Make printf safe

Walter Bright newshound2 at digitalmars.com
Sun Jul 14 01:11:53 UTC 2024


I understand the desire to use modern write().

But there is a place for a lightweight way to do formatted writing.

1. If you're just linking with the stdc library, there is no write().

2. printf is probably the most debugged and optimized piece of code that has 
ever existed. Borland C recoded it in hand-optimized assembler, which was a 
brilliant move as its fast printf covered for a lot of weakness in its poor code 
generator

3. write() won't work until pretty much everything in the compiler works. With 
printf, I can get hello world to work needing only a minimally functional compiler

4. can't use Phobos in dmd's source code, because if a working Phobos was 
required, it becomes much much harder to bootstrap it

5. most any use of write() causes a rather large pile of template bloat to be 
inserted into the object file.

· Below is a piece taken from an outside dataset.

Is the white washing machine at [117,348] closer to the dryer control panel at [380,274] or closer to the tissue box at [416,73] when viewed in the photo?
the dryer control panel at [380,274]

This makes life difficult when trying to isolate 
a bug.

Currently, dmd's checking of the arguments against the format string has already 
eliminated a large chunk of the problems with printf. It enabled the removal of 
dozens of bugs in the dmd code base. A big win!

My proposal is pretty lightweight, the heavy lifting was already done with the 
argument checking. It enables @safe use of printf, and removes the temptation to 
rely on char* strings instead of char[] strings.